Anyone know where I can download a manual for an 01 maxima? wanted it free but would be willing to pay if I found the right site.

thanks


----------



## lshadoff (Nov 26, 2002)

www.phatg20.net

Lew


----------



## tarynup (Aug 21, 2004)

*Can't Get In*



lshadoff said:


> www.phatg20.net
> 
> Lew



I went to that site and it says. . .

You are trying to access a restricted area.
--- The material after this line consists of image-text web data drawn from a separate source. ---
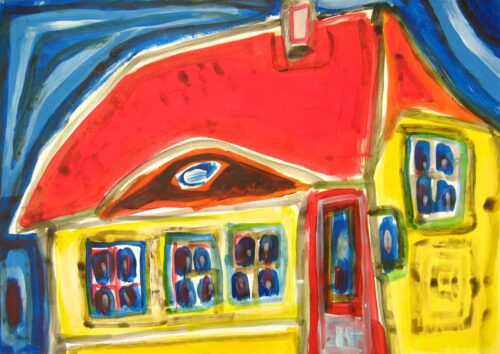 Farbenfrohe Hausmalerei im Expressionismus-Stil, kreative Hauskunst von Nikolaus Kriese, individuelle Auftragsmalerei, lebendige Gemälde für Wohnzimmer und Fassaden.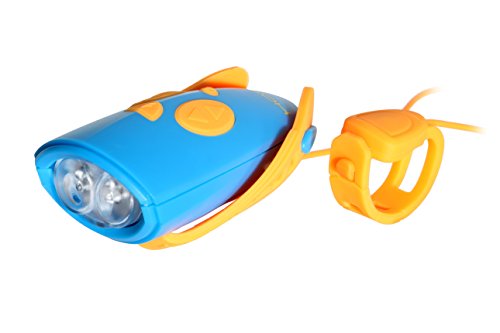 Hornit Mini Azul / Naranja - Bocina y luz para Bicicleta y Patinete para niños - 25 Efectos de Sonido y 5 Luces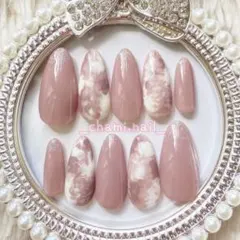 ベージュ ニュアンス マーブル 大人可愛い シンプル ネイルチップ No.22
We are Sorry, but this section of our site is for Registered Users Only.

Even after I registered.


----------



## lshadoff (Nov 26, 2002)

tarynup said:


> I went to that site and it says. . .
> 
> You are trying to access a restricted area.
> 
> ...


You may receive an email which has a link to activate your membership.

Lew


----------



## am3rican (Feb 26, 2005)

tarynup said:


> Anyone know where I can download a manual for an 01 maxima? wanted it free but would be willing to pay if I found the right site.
> 
> thanks


if you need, i can photocopy mine and fax it to you


----------



## Puppetmaster (Mar 28, 2005)

lshadoff said:


> www.phatg20.net


Got mine from there... great site... :thumbup:


----------



## rockdog (Apr 29, 2005)

i bought a CD version on ebay for $5.99 i just ordered so well see how it goes.


----------